Evidence for the evolutionary steps leading to mecA-mediated β-lactam resistance in staphylococci

The epidemiologically most important mechanism of antibiotic resistance in Staphylococcus aureus is associated with mecA–an acquired gene encoding an extra penicillin-binding protein (PBP2a) with low affinity to virtually all β-lactams. The introduction of mecA into the S. aureus chromosome has led to the emergence of methicillin-resistant S. aureus (MRSA) pandemics, responsible for high rates of mortality worldwide. Nonetheless, little is known regarding the origin and evolution of mecA. Different mecA homologues have been identified in species belonging to the Staphylococcus sciuri group representing the most primitive staphylococci. In this study we aimed to identify evolutionary steps linking these mecA precursors to the β-lactam resistance gene mecA and the resistance phenotype. We sequenced genomes of 106 S. sciuri, S. vitulinus and S. fleurettii strains and determined their oxacillin susceptibility profiles. Single-nucleotide polymorphism (SNP) analysis of the core genome was performed to assess the genetic relatedness of the isolates. Phylogenetic analysis of the mecA gene homologues and promoters was achieved through nucleotide/amino acid sequence alignments and mutation rates were estimated using a Bayesian analysis. Furthermore, the predicted structure of mecA homologue-encoded PBPs of oxacillin-susceptible and -resistant strains were compared. We showed for the first time that oxacillin resistance in the S. sciuri group has emerged multiple times and by a variety of different mechanisms. Development of resistance occurred through several steps including structural diversification of the non-binding domain of native PBPs; changes in the promoters of mecA homologues; acquisition of SCC mec and adaptation of the bacterial genetic background. Moreover, our results suggest that it was exposure to β-lactams in human-created environments that has driven evolution of native PBPs towards a resistance determinant. The evolution of β-lactam resistance in staphylococci highlights the numerous resources available to bacteria to adapt to the selective pressure of antibiotics.

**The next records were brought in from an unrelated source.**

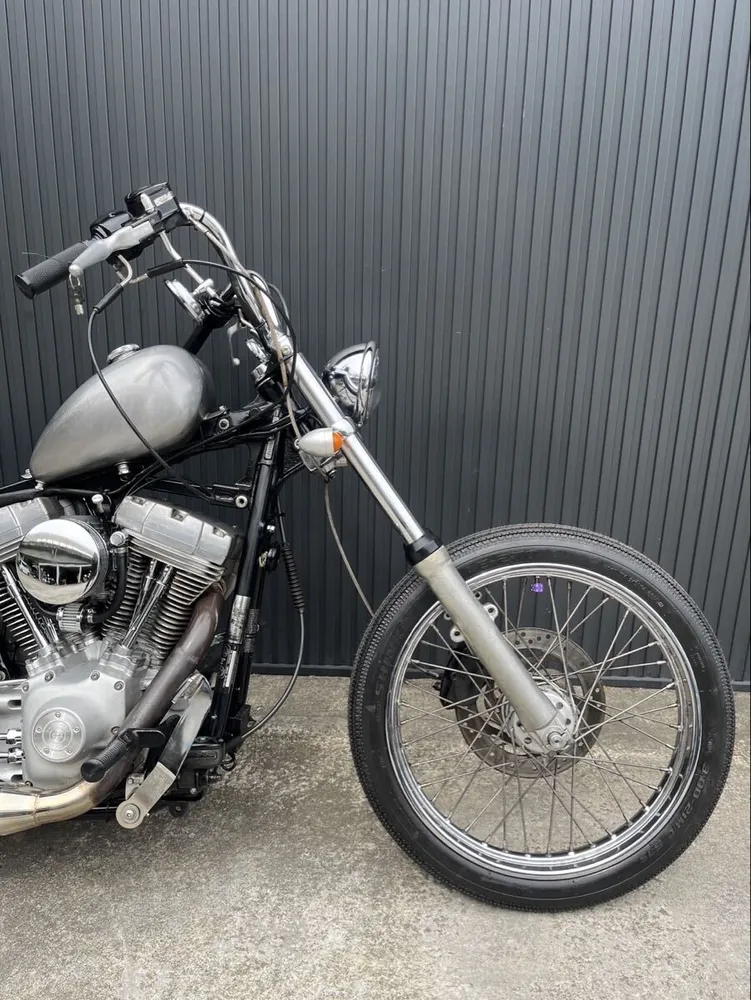 Harley-Davidson FXST 2000, фото 7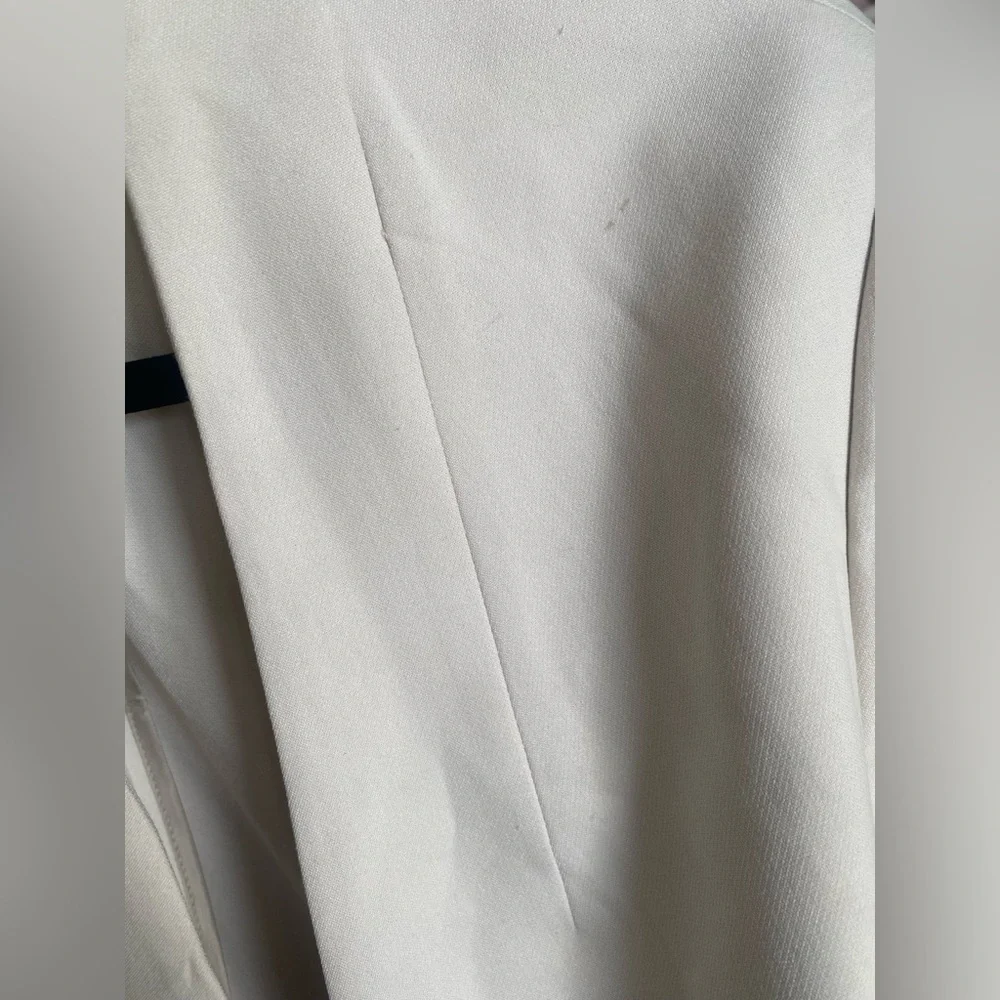 Aritzia Babaton New Power Blazer in Matte Pearl - Picture 6 of 11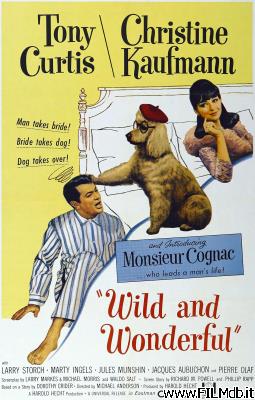 Poster of movie Wild and Wonderful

The emergence and rise of mecA-mediated β-lactam resistance in staphylococci has been one of the greatest concerns of the scientific and medical communities worldwide. However, little is known regarding the origin of the mecA gene determinant. In this study we demonstrate that antibiotic pressure in the human environment and in food additives used in livestock was the major driving force of the evolution and spread of resistance to β-lactams. Furthermore, we confirm the previous findings suggesting that the development of resistance occurs in primitive species of staphylococci through diversification of a native penicillin binding protein involved in cell wall synthesis. We also demonstrate that resistance was achieved through four distinct mechanisms: accumulation of substitutions in a specific domain of the protein; diversification of the promoter of the gene; acquisition of SCC mec, and adaptation of the genetic background. Our results highlight the resources that primitive bacteria used to thrive in a changing environment that has led to the methicillin-resistant Staphylococcus aureus (MRSA) pandemics.